Tuesday, February 14, 2012

Tea party's poisoned punch

   In sitcoms, it's called "Jumping the Shark." In politics, I'm introducing a term for a political party that loses contact with its essence and forgets its audience.

   It's called "passing the ladle."

   Ladle — as in bearer of a beverage with arsenic sweetener.

   Suddenly, in the presidential nominating process, it appears the Republican Party thirsts for what a certain purple joy juice delivers, and not, say, what getting someone elected does.

     Rick Santorum, this is your moment.

     Polls say your moment could be extended, as increasing numbers of Republicans are having Romney remorse. And Newt Gingrich's bombast is going for naught, and Ron Paul is — not really in the party's discussion.

    This is good for two people: (1) Santorum. (2) The person the Republicans want more than anything to beat.

    For this, the Grand Old Party can give credit for its new life force, the tea party. We call this a new thing, but the tea party really is just proving to be the same old Jerry Falwell-Father Coughlin pulpit-pounding right that has always offered itself as the nation's savior.

   Electable? Pass the purple passion.

   It was fitting that Santorum made his biggest breakthrough on his super Tuesday in the Colorado caucuses, where Romney was presumed to be safest. The fact is, Colorado tea partisans have proved to be quite the pacemakers in telling Republicans with a chance at winning to go take a hike, or enter a monastery, or whatever.

    The GOP had a major opportunity to take Colorado's U.S. Senate seat in 2010, only to give the nomination to tea party favorite Ken Buck instead of established commodity Jane Norton, the former lieutenant governor. Buck, in his bombast and hard-right social stances, scared away many centrists. Democrat Michael Bennet won.

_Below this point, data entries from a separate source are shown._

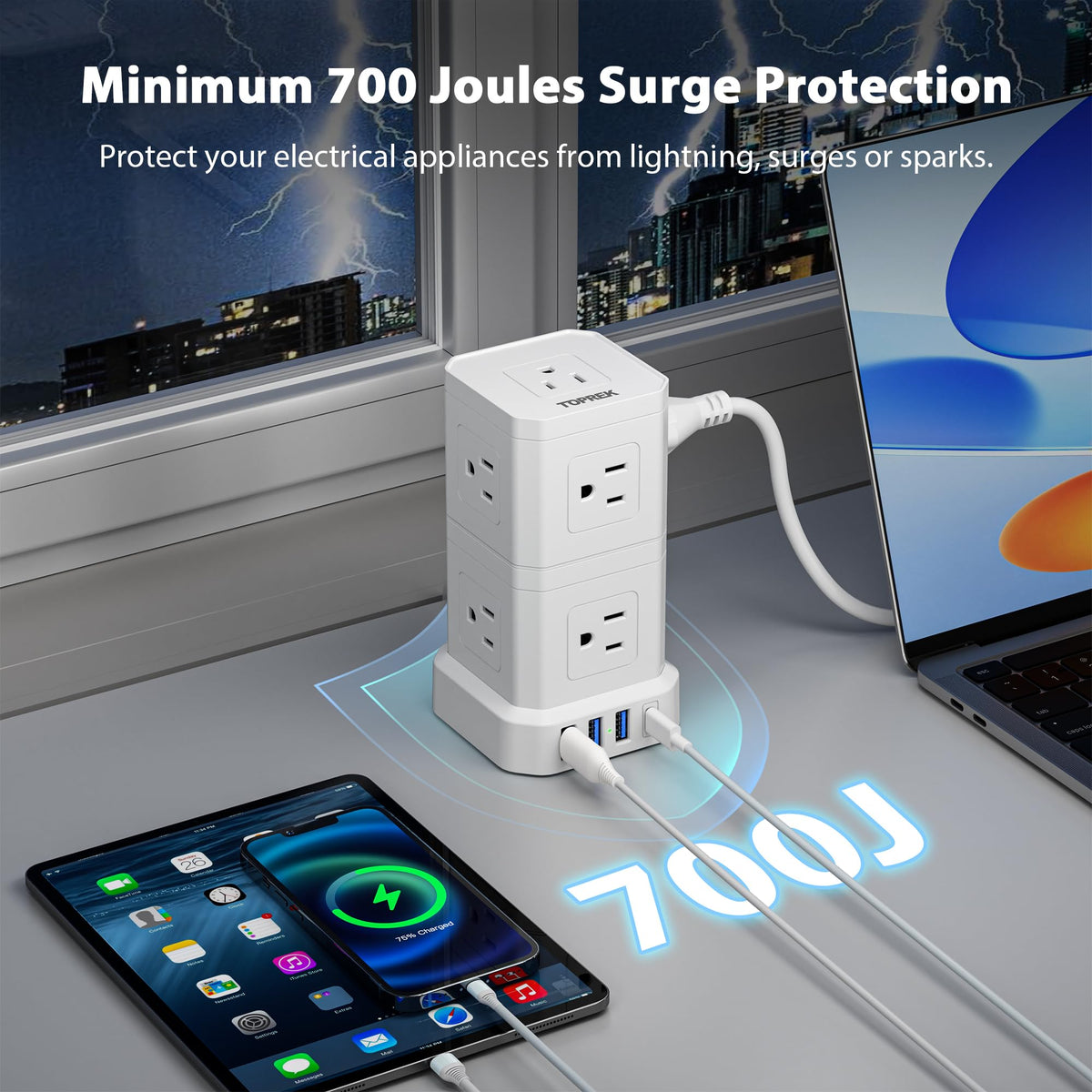 TOPREK flat plug and 6.5ft cord at 45° angle fits behind furniture easily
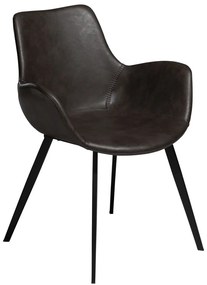 Tmavosivé čalúnené jedálenské kreslo s podrúčkami Hype – DAN-FORM Denmark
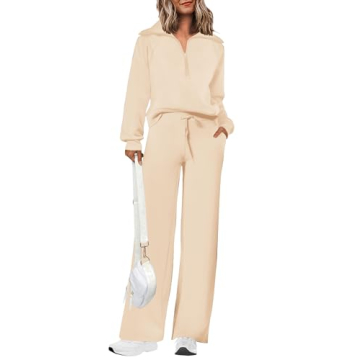 PRETTYGARDEN Women's Fall Two Piece Outfits Half Zip Sweatshirt Tops And Palazzo Pants Sweatsuit Set...
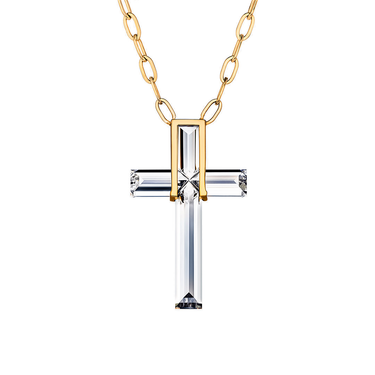 Solitaire Cross Necklace — 18K Yellow Gold — back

     Now, Santorum is knighted by these same people, the ones with the Kool-Aid mustaches.

     This is the man who wants women to step back from such matters as serving the country in combat, or, well, any function outside of the home. Just read his his denunciations of "radical feminists" — you know, the ones working.

     This is the man who doesn't think insurance should cover contraception, no way, no how. For one thing, he says, it is "only a minor expense." That's true if a woman happens to have $850 a year rattling around, based on estimates more reliable than anything Santorum will acknowledge.

    This is the man who said the right of privacy "does not exist," and that fighting gay marriage is tantamount to the war on terror.

     These are just samples of what Santorum brings to the table. It's not what wins general elections. Caucuses? Yes. Straw polls? Yes. Internet polls? Yes. Fox News analyst roles? Oh, yes.

     Several analysts have observed that the Roger Ailes-Rupert Murdoch spin machine at Fox has been hostile to Romney and has been hoping to have one of its own — Gingrich, Huckabee, Palin — as the one it would build up against Obama. Santorum was one, too, a paid Fox talking head, after getting ousted from the Senate.

     If it's true that Fox was picking horses (perish that thought, as it is strictly "fair and balanced"), it probably hadn't wagered much on Santorum. But now — miracles of miracles — he's the man who isn't Mitt.

     This shows us nothing more about Santorum than it did about Pat Robertson, boosted by the pious right to success at select GOP caucuses in 1988, and Pat Buchanan eight years later. It's also what took Huckabee so far in 2008 and gives Palin her enduring Republican cachet.

    Some people really do thirst for a theocracy, the "Christian nation" America never was. These people have shown they will show up for party meetings and get their way.

    Some observers were thinking the tea party was a new breed, mostly focused on fiscal discipline, rather than, say, on Deuteronomy. Wrong.

    Repackaged of the cloth that brought us the Moral Majority and the Christian Coalition, it is bound and determined to nominate people who don't represent a nation of diversity that was built on tolerance. These people want a leader who sees said features as America's downfall.

    Which is good for the man they want to beat more than anything.